Tips For Picking The Right Path
Figuring out how to choose a career can be quite intimidating. Even though it’s an incredibly important decision, you’ll often get conflicting advice on how to begin!
This guide breaks down the simple steps you can follow to decide on a career and move forward with confidence.
1. Do Some Self-Reflection
Choosing a career is a big deal, and it requires considerable thought. While nothing is ever set in stone, your decision will have a significant impact on the direction of your life for the foreseeable future.
And you can only make an important decision like that with self-reflection.
There’s a lot to think about, but the ultimate goal is to think about what you want out of your career and what type of work will make you feel most fulfilled. To help you get started with choosing a career, here are a few questions to ask yourself.
Does Anything Jump Out at You?
When trying to decide on a career, one of the first things you should think about is what stands out most to you. There’s a good chance that you have several paths that you’re leaning toward. But which ones do you gravitate toward?
Reflect on the careers that have always interested you. Maybe there are certain jobs that you thought would be interesting to have. Or perhaps there’s a field that you’re passionate about.
Whatever the case, start with these as potential paths to take. Leave out the jobs that others are pressuring you to take. While your career could impact others, what you pursue is your decision and yours alone.
Knowing that piques your interest is the first step in determining what path to take.
Think About What Motivates You
Another important part of self-reflection is considering your natural motivations. Everyone is motivated by different things, and you must determine what pushes you.
For some people, money is a major motivator. There’s nothing wrong with that. Knowing you need a good salary to live comfortably and stay driven will narrow your career choices and guide you in the right direction.
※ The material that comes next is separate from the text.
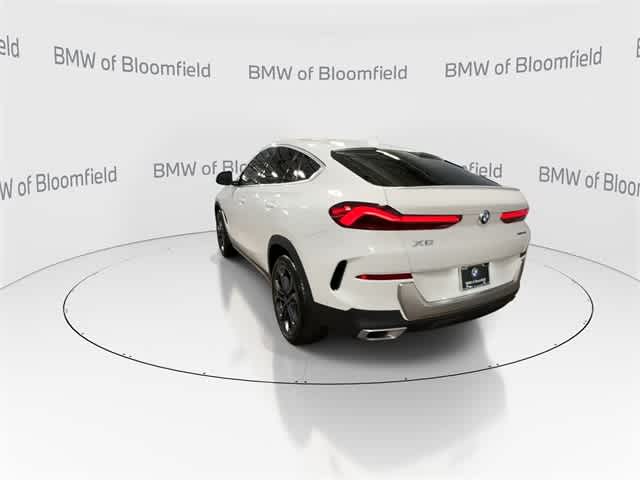 Thumbnail: 2023 BMW X6 - 6
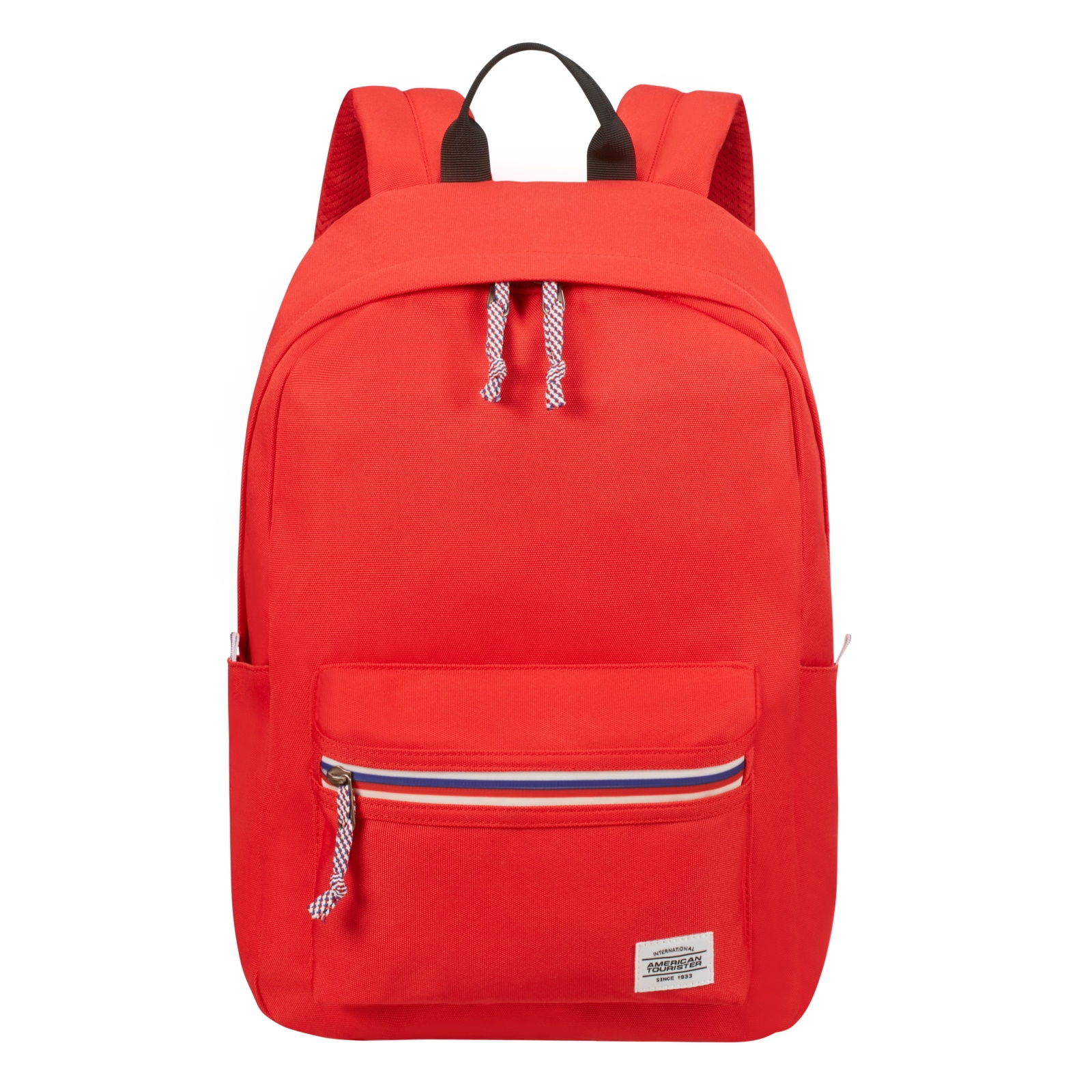 American Tourister Upbeat Backpack Zip Red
Others have motivations directly related to their future career. For example, you might be motivated by the opportunity to help others in a direct and hands-on way.
Your biggest motivation can also be not related to work. Many people are motivated by the opportunity to have a flexible schedule or take more time off throughout the year to be with their families.
Whatever the case for you, pinpoint those driving motivators. Tapping into what motivates you is a great way to ensure you’ll still feel fulfilled in your career decades into the future.
Consider How You Like to Spend Your Day
Here’s a big factor that can influence what career you choose. You’ll spend a significant amount of time chasing success in your career. The average person spends over 90,000 hours at work throughout their lifetime!
To remain happy and fulfilled, choose a career that allows you to spend your day how you like. Again, this can vary from person to person. Some people thrive in collaborative environments where they can bounce ideas off others and stay socially active.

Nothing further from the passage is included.